## Problem requirements
Using the records below, quote only the span that opens with the line containing "Building Photo - SE" and closes with the line containing "Bedroom in villa for sale in El Campello", exactly and inclusively.

## Provided records

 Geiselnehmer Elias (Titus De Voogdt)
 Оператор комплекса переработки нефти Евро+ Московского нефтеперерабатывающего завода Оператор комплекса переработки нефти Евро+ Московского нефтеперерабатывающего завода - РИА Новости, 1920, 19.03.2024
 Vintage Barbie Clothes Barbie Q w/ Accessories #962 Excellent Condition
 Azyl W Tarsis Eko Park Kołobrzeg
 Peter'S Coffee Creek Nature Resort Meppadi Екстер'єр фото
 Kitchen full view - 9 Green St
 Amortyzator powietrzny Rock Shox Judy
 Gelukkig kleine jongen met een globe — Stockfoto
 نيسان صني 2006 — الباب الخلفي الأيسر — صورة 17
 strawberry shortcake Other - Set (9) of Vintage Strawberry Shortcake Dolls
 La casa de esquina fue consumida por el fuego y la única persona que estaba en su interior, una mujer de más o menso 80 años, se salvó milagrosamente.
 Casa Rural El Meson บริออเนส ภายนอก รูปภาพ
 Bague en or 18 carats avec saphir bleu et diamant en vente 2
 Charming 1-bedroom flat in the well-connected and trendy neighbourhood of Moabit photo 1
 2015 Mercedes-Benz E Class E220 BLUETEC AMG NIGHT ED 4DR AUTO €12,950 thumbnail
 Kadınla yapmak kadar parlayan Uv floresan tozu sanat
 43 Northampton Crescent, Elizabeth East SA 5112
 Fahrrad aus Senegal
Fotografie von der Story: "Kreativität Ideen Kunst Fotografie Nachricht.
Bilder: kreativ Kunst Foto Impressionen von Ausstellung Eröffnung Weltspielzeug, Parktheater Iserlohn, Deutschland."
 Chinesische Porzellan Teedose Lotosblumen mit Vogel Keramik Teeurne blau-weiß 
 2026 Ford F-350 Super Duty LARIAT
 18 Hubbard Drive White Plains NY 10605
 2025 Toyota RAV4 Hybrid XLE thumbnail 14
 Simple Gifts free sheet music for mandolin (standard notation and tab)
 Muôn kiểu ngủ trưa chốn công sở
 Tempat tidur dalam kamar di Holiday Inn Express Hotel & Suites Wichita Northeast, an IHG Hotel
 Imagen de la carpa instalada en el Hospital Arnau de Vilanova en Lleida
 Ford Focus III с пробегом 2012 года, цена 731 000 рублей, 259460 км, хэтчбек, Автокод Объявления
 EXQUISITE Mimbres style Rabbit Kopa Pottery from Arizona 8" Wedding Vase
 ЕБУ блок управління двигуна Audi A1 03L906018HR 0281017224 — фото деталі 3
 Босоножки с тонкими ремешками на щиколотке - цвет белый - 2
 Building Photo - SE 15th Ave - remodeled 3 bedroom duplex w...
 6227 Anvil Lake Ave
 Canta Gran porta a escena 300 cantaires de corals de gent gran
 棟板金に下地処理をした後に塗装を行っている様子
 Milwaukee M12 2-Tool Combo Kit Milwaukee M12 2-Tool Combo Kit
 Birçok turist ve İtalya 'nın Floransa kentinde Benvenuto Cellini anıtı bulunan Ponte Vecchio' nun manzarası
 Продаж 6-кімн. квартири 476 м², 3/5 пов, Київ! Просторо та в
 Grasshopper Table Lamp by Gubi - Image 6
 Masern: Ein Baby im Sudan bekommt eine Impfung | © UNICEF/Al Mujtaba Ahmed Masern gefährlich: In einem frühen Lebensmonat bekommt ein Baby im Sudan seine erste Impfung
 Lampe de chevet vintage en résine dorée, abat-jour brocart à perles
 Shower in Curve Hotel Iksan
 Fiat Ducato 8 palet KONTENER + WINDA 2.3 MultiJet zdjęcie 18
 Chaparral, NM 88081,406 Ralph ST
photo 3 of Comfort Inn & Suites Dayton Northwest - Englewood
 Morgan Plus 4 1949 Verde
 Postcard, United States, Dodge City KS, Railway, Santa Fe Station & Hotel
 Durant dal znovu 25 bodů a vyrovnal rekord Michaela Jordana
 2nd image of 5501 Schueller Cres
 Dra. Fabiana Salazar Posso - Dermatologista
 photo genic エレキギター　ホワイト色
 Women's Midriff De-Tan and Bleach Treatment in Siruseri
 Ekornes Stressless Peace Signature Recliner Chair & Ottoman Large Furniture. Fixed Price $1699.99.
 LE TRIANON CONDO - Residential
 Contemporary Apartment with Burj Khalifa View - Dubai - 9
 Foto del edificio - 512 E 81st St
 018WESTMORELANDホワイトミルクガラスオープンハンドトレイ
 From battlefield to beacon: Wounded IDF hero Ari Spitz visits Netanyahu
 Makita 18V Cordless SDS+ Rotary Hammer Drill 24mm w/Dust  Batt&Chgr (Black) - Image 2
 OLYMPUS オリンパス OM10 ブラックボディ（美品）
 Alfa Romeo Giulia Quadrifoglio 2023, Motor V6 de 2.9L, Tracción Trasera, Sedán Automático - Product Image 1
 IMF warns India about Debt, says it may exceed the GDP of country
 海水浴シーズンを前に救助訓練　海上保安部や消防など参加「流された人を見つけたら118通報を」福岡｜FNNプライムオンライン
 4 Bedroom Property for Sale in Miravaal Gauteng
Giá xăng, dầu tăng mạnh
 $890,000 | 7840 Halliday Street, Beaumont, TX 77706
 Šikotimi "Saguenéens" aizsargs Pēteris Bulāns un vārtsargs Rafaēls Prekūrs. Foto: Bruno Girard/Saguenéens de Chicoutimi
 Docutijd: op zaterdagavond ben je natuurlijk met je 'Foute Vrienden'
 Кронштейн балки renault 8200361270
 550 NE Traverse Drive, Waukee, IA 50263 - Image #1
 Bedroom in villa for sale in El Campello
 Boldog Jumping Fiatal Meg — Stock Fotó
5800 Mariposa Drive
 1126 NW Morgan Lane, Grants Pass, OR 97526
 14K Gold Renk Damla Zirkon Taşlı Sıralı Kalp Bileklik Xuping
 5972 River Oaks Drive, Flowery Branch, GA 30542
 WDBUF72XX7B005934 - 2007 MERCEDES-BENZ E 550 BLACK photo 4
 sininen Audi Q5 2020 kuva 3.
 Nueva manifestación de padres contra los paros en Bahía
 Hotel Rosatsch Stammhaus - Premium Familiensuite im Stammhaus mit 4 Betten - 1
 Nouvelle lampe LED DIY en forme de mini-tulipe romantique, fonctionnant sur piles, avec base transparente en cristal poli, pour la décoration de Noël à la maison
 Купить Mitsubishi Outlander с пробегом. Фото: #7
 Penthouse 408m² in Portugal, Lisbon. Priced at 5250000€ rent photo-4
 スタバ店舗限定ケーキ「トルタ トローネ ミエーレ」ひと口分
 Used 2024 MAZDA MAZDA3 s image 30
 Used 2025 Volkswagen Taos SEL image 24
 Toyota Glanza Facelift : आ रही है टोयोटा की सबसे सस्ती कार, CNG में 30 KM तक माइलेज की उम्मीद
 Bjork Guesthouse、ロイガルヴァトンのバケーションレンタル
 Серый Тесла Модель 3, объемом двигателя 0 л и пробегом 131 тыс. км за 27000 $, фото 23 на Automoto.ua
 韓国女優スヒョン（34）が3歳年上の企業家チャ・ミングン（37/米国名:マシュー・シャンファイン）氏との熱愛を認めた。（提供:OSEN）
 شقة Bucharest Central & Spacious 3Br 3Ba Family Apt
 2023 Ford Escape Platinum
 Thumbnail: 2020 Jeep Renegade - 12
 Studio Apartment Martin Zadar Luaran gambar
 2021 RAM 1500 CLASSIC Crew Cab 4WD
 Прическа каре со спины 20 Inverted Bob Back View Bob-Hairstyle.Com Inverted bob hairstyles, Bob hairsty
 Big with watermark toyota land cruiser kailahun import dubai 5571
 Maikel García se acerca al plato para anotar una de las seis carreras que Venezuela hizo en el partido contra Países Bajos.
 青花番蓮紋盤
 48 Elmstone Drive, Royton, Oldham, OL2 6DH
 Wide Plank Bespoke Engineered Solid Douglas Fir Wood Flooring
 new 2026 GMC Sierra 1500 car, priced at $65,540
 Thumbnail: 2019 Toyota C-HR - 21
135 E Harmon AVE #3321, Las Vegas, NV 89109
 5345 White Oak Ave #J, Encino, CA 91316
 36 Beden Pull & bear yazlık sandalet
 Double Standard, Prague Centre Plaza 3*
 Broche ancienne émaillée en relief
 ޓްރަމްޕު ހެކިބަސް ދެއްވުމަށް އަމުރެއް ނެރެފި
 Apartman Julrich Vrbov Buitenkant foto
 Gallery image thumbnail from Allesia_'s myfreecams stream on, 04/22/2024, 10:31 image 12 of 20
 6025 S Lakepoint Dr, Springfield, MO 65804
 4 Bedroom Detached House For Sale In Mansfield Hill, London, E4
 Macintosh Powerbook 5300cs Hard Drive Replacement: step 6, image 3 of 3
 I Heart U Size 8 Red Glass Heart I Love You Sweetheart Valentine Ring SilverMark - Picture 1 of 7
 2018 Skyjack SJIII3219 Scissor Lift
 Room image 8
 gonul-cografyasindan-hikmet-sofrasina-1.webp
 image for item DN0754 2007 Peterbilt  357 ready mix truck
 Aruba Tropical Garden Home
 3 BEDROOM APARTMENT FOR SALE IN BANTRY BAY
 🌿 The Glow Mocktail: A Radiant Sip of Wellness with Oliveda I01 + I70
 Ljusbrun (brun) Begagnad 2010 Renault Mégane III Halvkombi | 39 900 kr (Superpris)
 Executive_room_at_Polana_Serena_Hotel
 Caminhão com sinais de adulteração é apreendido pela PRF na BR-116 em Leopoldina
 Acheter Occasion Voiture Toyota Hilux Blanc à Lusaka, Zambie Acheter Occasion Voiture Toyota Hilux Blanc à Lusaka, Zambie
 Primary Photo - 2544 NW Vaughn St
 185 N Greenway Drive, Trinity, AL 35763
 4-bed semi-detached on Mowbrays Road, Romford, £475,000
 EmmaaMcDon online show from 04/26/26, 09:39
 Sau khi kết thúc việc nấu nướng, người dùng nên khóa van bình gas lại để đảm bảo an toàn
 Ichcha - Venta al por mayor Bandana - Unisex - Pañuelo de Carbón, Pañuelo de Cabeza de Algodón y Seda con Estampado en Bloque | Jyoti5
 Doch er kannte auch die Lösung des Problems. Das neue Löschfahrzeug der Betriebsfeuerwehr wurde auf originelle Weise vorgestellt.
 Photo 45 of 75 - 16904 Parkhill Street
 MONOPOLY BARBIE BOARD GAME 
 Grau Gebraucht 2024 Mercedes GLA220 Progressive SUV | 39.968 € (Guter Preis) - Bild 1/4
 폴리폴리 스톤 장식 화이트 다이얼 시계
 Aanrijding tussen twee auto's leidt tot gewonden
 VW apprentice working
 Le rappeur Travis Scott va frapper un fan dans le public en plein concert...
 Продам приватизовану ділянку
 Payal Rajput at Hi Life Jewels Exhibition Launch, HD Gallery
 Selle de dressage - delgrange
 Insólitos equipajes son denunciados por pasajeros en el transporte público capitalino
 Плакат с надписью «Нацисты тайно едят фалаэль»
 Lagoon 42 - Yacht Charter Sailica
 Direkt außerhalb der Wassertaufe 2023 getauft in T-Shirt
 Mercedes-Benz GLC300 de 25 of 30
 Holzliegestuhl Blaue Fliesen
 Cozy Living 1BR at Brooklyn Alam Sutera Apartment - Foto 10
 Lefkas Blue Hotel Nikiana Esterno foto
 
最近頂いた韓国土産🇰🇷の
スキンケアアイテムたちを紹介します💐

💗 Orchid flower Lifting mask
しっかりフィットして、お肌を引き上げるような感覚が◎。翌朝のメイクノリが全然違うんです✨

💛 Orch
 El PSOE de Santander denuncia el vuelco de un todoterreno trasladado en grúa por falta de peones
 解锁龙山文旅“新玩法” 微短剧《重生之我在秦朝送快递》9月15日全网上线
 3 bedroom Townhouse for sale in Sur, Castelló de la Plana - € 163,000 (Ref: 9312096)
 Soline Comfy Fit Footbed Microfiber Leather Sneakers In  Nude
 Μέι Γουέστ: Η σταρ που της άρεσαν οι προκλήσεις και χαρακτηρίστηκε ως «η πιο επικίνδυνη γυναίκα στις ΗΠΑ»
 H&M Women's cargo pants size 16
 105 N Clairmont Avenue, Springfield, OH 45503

## Task answer
 Building Photo - SE 15th Ave - remodeled 3 bedroom duplex w...
 6227 Anvil Lake Ave
 Canta Gran porta a escena 300 cantaires de corals de gent gran
 棟板金に下地処理をした後に塗装を行っている様子
 Milwaukee M12 2-Tool Combo Kit Milwaukee M12 2-Tool Combo Kit
 Birçok turist ve İtalya 'nın Floransa kentinde Benvenuto Cellini anıtı bulunan Ponte Vecchio' nun manzarası
 Продаж 6-кімн. квартири 476 м², 3/5 пов, Київ! Просторо та в
 Grasshopper Table Lamp by Gubi - Image 6
 Masern: Ein Baby im Sudan bekommt eine Impfung | © UNICEF/Al Mujtaba Ahmed Masern gefährlich: In einem frühen Lebensmonat bekommt ein Baby im Sudan seine erste Impfung
 Lampe de chevet vintage en résine dorée, abat-jour brocart à perles
 Shower in Curve Hotel Iksan
 Fiat Ducato 8 palet KONTENER + WINDA 2.3 MultiJet zdjęcie 18
 Chaparral, NM 88081,406 Ralph ST
photo 3 of Comfort Inn & Suites Dayton Northwest - Englewood
 Morgan Plus 4 1949 Verde
 Postcard, United States, Dodge City KS, Railway, Santa Fe Station & Hotel
 Durant dal znovu 25 bodů a vyrovnal rekord Michaela Jordana
 2nd image of 5501 Schueller Cres
 Dra. Fabiana Salazar Posso - Dermatologista
 photo genic エレキギター　ホワイト色
 Women's Midriff De-Tan and Bleach Treatment in Siruseri
 Ekornes Stressless Peace Signature Recliner Chair & Ottoman Large Furniture. Fixed Price $1699.99.
 LE TRIANON CONDO - Residential
 Contemporary Apartment with Burj Khalifa View - Dubai - 9
 Foto del edificio - 512 E 81st St
 018WESTMORELANDホワイトミルクガラスオープンハンドトレイ
 From battlefield to beacon: Wounded IDF hero Ari Spitz visits Netanyahu
 Makita 18V Cordless SDS+ Rotary Hammer Drill 24mm w/Dust  Batt&Chgr (Black) - Image 2
 OLYMPUS オリンパス OM10 ブラックボディ（美品）
 Alfa Romeo Giulia Quadrifoglio 2023, Motor V6 de 2.9L, Tracción Trasera, Sedán Automático - Product Image 1
 IMF warns India about Debt, says it may exceed the GDP of country
 海水浴シーズンを前に救助訓練　海上保安部や消防など参加「流された人を見つけたら118通報を」福岡｜FNNプライムオンライン
 4 Bedroom Property for Sale in Miravaal Gauteng
Giá xăng, dầu tăng mạnh
 $890,000 | 7840 Halliday Street, Beaumont, TX 77706
 Šikotimi "Saguenéens" aizsargs Pēteris Bulāns un vārtsargs Rafaēls Prekūrs. Foto: Bruno Girard/Saguenéens de Chicoutimi
 Docutijd: op zaterdagavond ben je natuurlijk met je 'Foute Vrienden'
 Кронштейн балки renault 8200361270
 550 NE Traverse Drive, Waukee, IA 50263 - Image #1
 Bedroom in villa for sale in El Campello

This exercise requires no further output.